As described in the detailed description of the invention, the present invention provides that when the number of rows containing black that are continuous in the vertical direction is within a predetermined range, and there are no rows that are all black between the rows, Since the line spacing is used as a vertical character area, there is an advantage that characters, symbols, etc. surrounded by frames can be read.
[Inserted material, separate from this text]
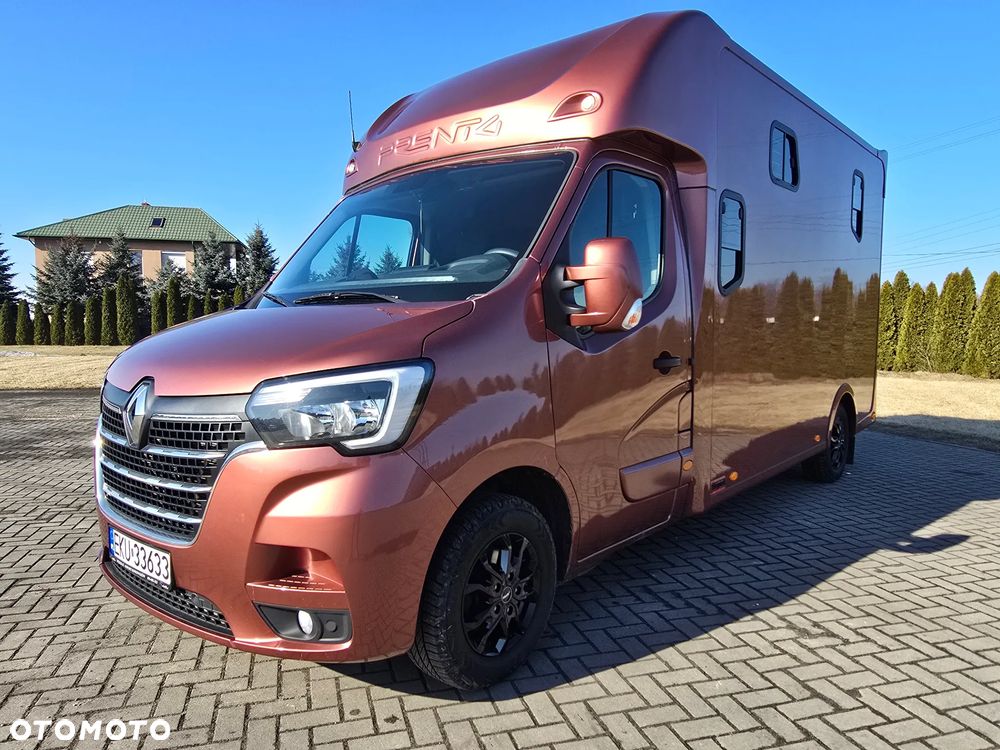 Renault Master Koniowóz - 8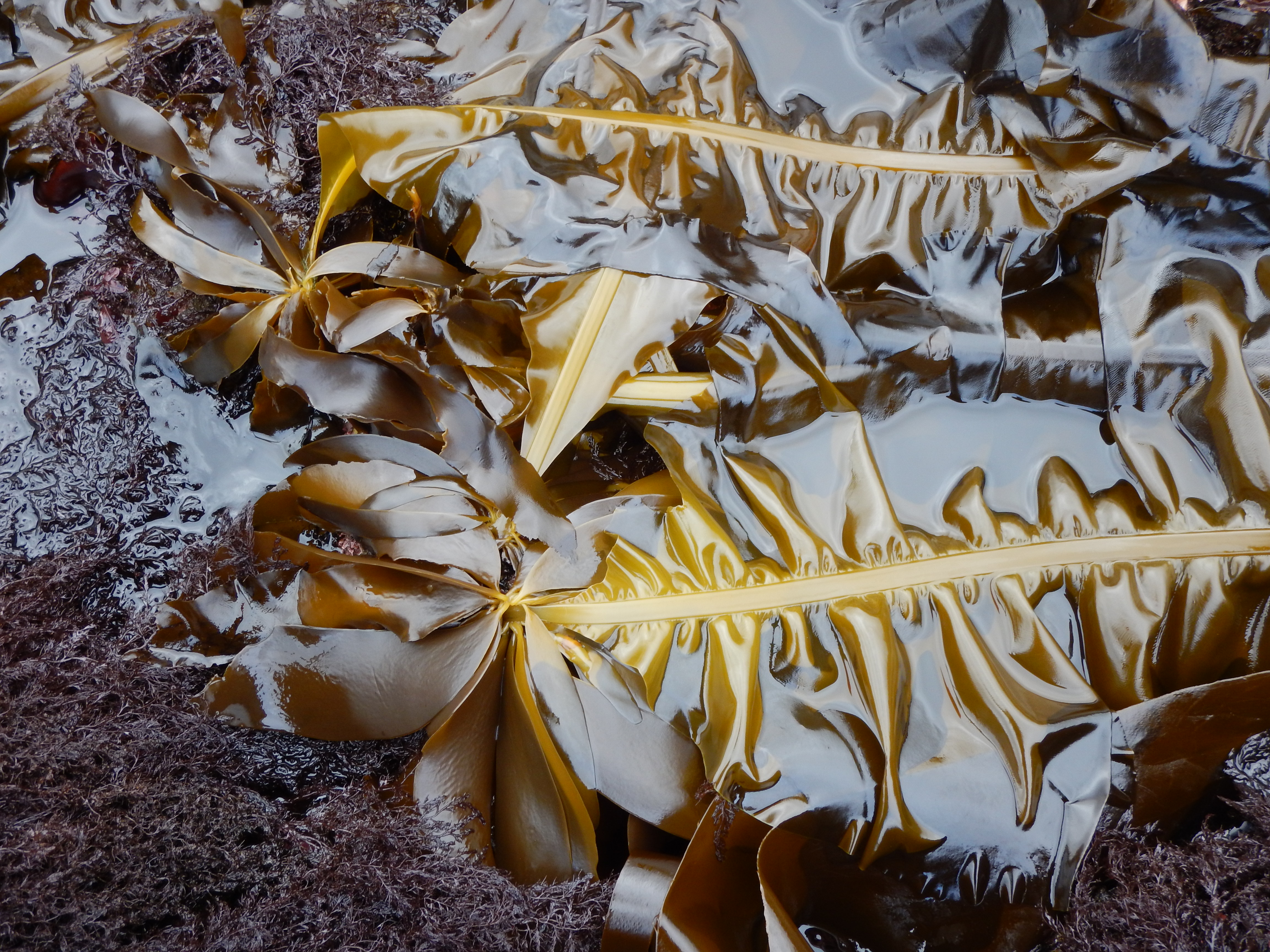 Alaria marginata – M. Lindeberg · Alaska Peninsula · May 2016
[Brief explanation of the drawing]

Fig. 1 is a block diagram of a conventional example, Fig. 2 is an explanatory diagram of a two-dimensional sensor, Figs. The figure is a block diagram of an embodiment of the present invention, and FIGS. 6(A) to 6(CD) are explanatory diagrams of the operation of FIG. 5. 1 is a hand scanner, 2 is paper, a roller lamp, 4 is a lens system, 5 is a two-dimensional centimeter, 6 is an amplifier, 7 is a binarization circuit, 8 is a feature extraction circuit, 9 is an identification circuit, 10 is an OR gate, 11.11a is a vertical cutout circuit, 12 is a horizontal cutout circuit,
13 and 14 are cutting flags, 15 is a frame, and 16 is an AND gate. Patent Applicant Sumitomo Electric Industries Co., Ltd. Agent Patent Attorney Gobe Tamamushi (16) Figure 1 Figure 2 Figure 3

Claims (1)

[Claims] A two-dimensional sensor converts the reflected light from a sheet of paper with letters, symbols, etc. It has a binarization circuit that performs two conversions, and an extraction circuit that detects vertical and horizontal character work 1 noa based on the output signal of the binary conversion circuit. A character reading device (=approximately 1.N) for identifying characters, symbols, etc., using the binary signal (2-based) in the character area, It counts whether there are consecutive rows containing at least one "black" character, and if the count value is within a predetermined range, and if there is no row car that is all "black" between the counted rows. ,), the counted line spacing is used as a vertical character area.